My experience with options was fairly limited to watching people on Wall Street Bets make absolute killings or get killed. Since I'm fairly risk averse, I have no desire to commit to risky bets.
This book is a great introduction into the world of covered calls. While there is some inherent risk to selling covered calls, I like that the risk can be managed effectively. Some of my takeaways from the book:
- Since I'm building a portfolio of high-quality assets, the volatility risk for Home Depot is less than something like a Tesla.
- Understand the greeks:
- Delta is how much the option's price changes vs. change in the security. It can also be used as a proxy for the probability of being in the money at expiration.

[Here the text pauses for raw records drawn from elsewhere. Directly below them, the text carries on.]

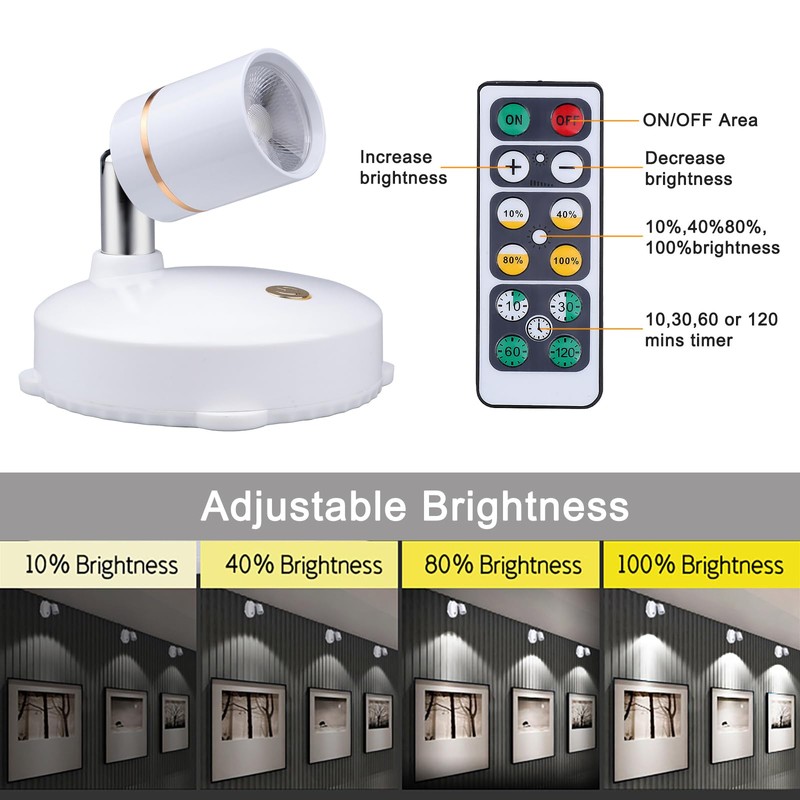 Ruiqas Wireless Rotating Dimmable Spotlight with Remote Control for Pictures,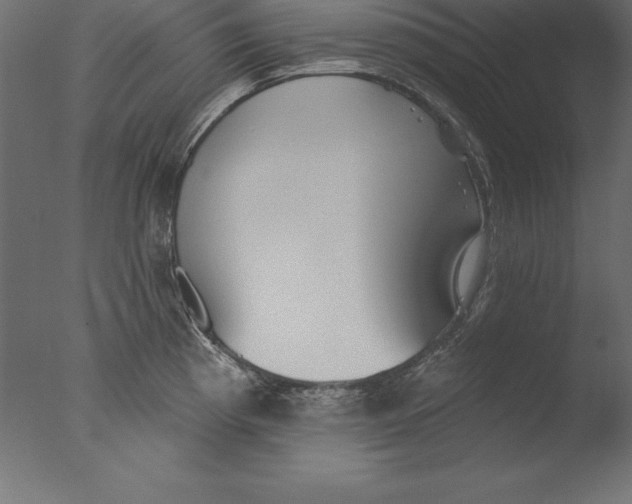 X0000076341193200610201723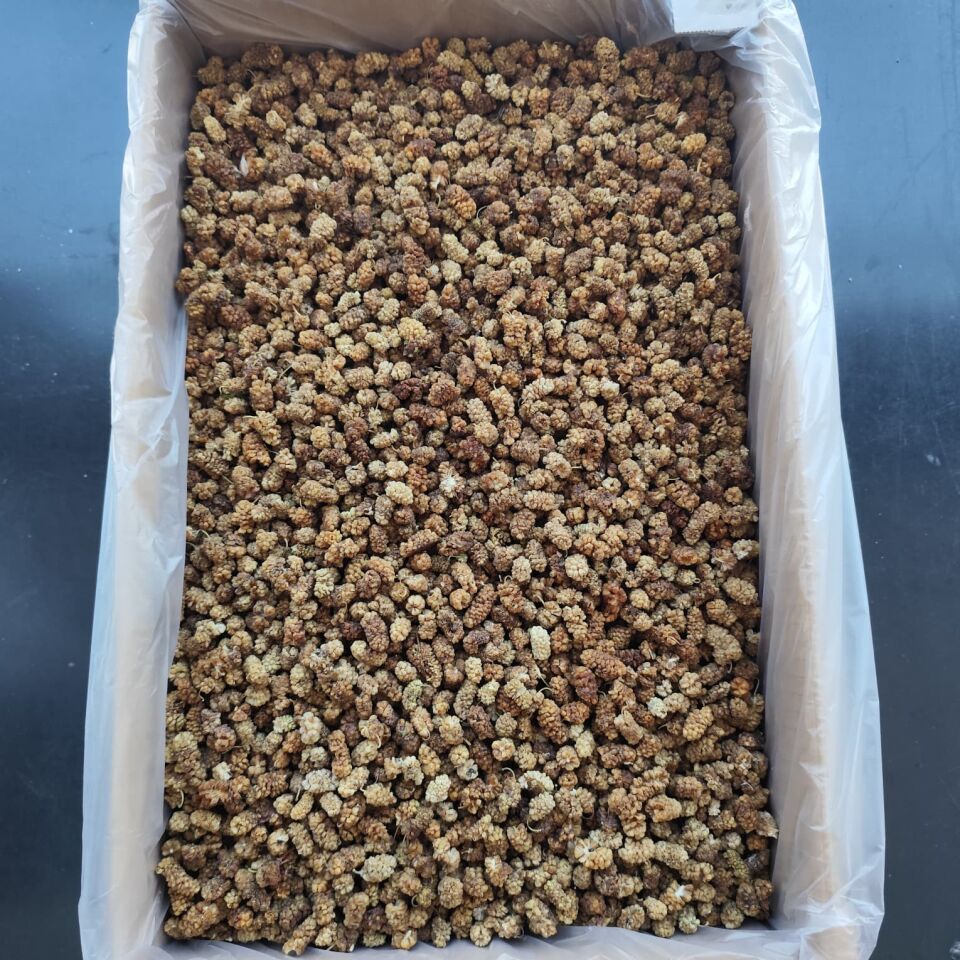 Toptan Aşurelik Dut Kurusu 11 Kg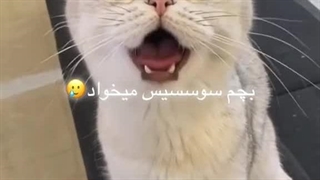 منی که میدونم منظورشون سوسیس نیست به خاطر پوشش بهش غذا میگن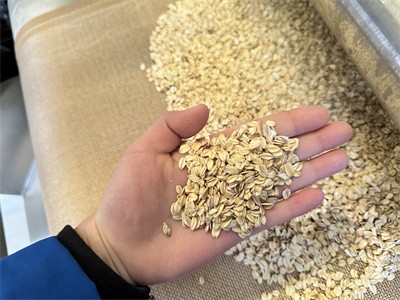 Microwave technology for pre ripening treatment of oats and other grains？
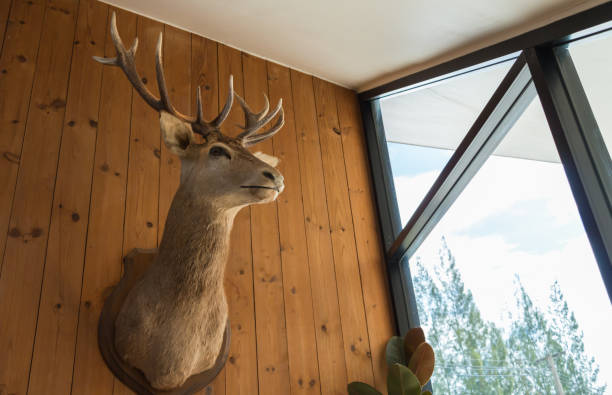 istock stuffed deer head on the wooden wall 843309314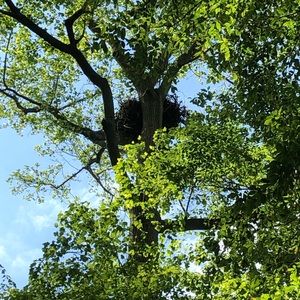 Meet your Posher, Gail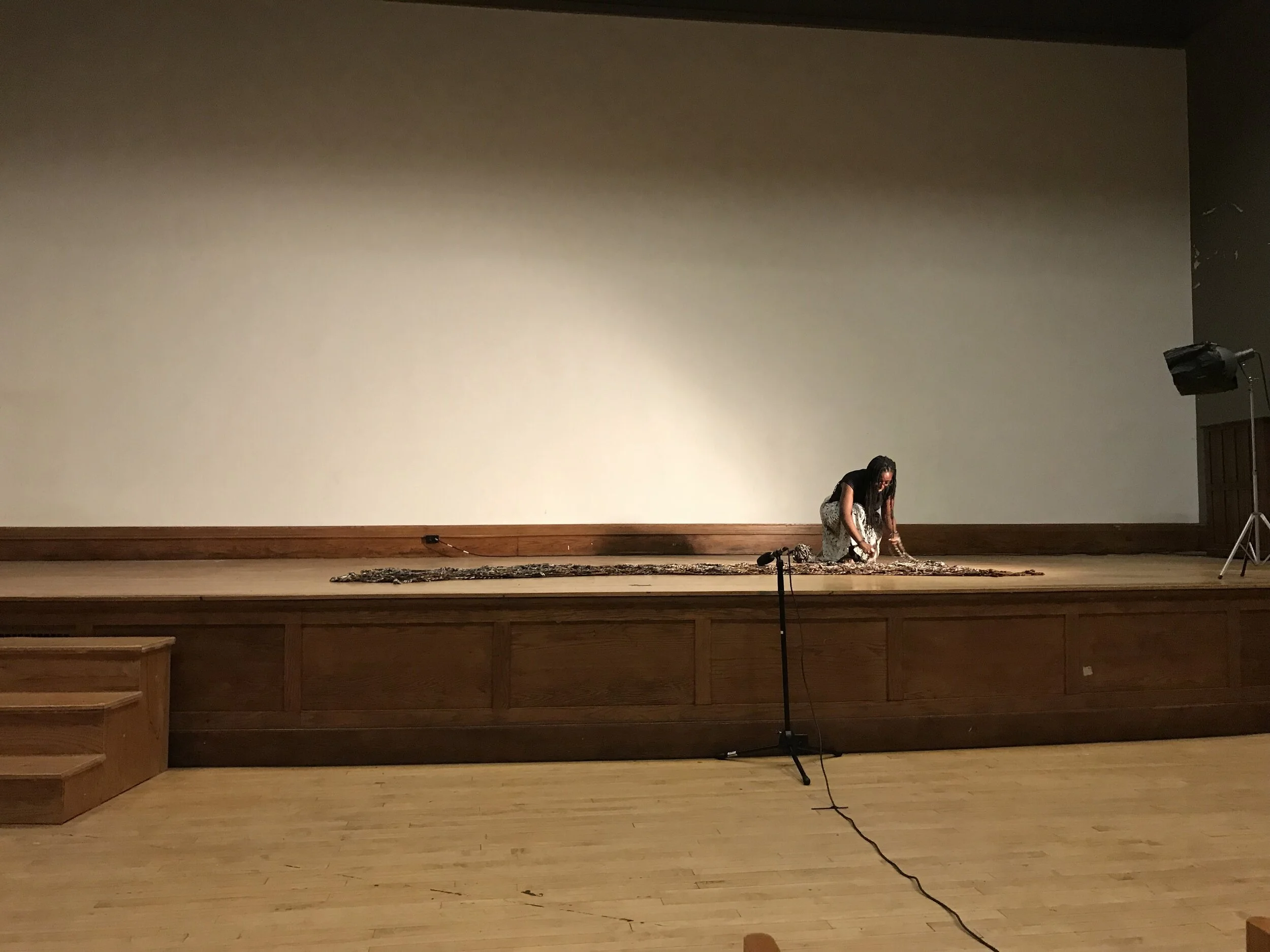 03 Sadie Audit Pic.jpeg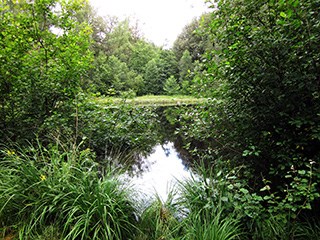 raerener_wald6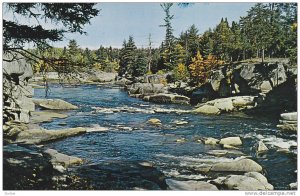Greetings from Busy Bathurst, Nepisiguit River at Pabineau Falls, New Bruns...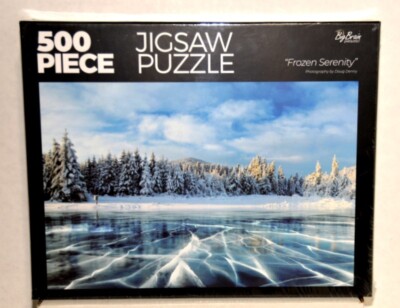 Big Brain Gameworks 500 Piece Jigsaw Puzzle -  Frozen Serenity  by Doug Denny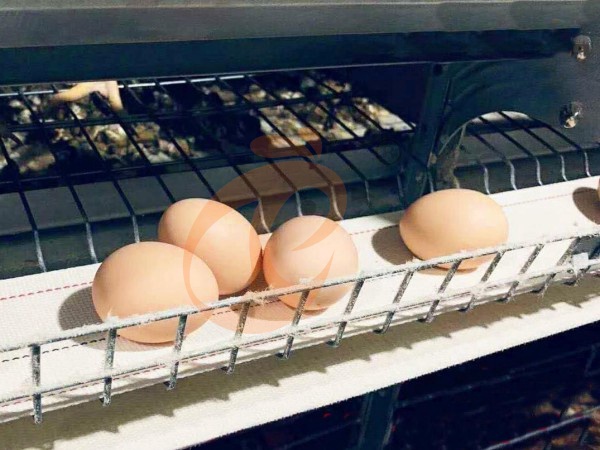 5 Practical Tips For Daily Maintenance Of Ethiopian H Type Chicken Cages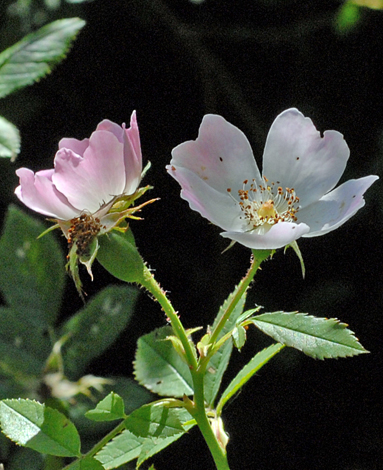 Rosa stylosa whole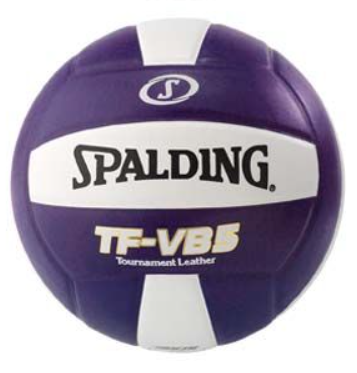 Spalding TF-VB5 Volleyball Purple/White Official Size NFHS Stamp - MCI SPORTS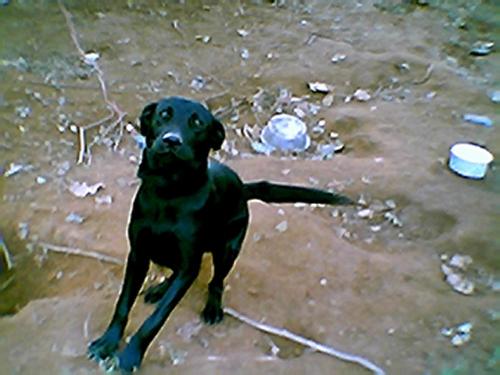 My lab Homie - this is Homer @ 7 months old-he's so excitable I was surprised he sat for the pic LOL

- Gamma can be used to measure the stability of delta. Higher gamma represents higher risk.
- Theta measures the time decay. As an option gets closer to the expiration date, the rate of theta accelerates.
- Where this book was VERY helpful is understanding the rate of return on covered calls. I've put together a spreadsheet to help calculate the annualized options yield before I make these decisions.
- This was more helpful than I realized. What I've learned over the last month is that since I'm writing covered calls on less volatile securities, the premiums are relatively small. Since I've been conditioned on options being big winners or losers, I have a bias when looking at those small returns and dismissing it. Now that I can analyze the annualized return before taking a position and see the benefit of an additional 8-20% return.
- Understanding exit strategies!
- Obviously we want our covered call options expiring out of the money so we can keep the full premium. Some of the bloggers I follow that employ similar strategies roll over their options, so when should I do that?
- One Percent Rule - If the value of the option is worth less than 1% of the security, sell and rewrite.
- 2 & 20 Rule - If in the first two weeks you can buy back your option for <20% of what you paid, then buy it back and rewrite.
- Looking at my current covered calls, I wrote 1 contract for LEG a $45 strike price 12/17 expiration earlier last week. Cost basis was $1.19 a share. Today, it's worth $0.225 a share. Based on the above rule I take the profit and rewrite.
Overall this is a good book to start feeling comfortable with covered calls. I've also done some research online and I've found the site Option Strat is superb for helping understand various options strategies and the associated risks.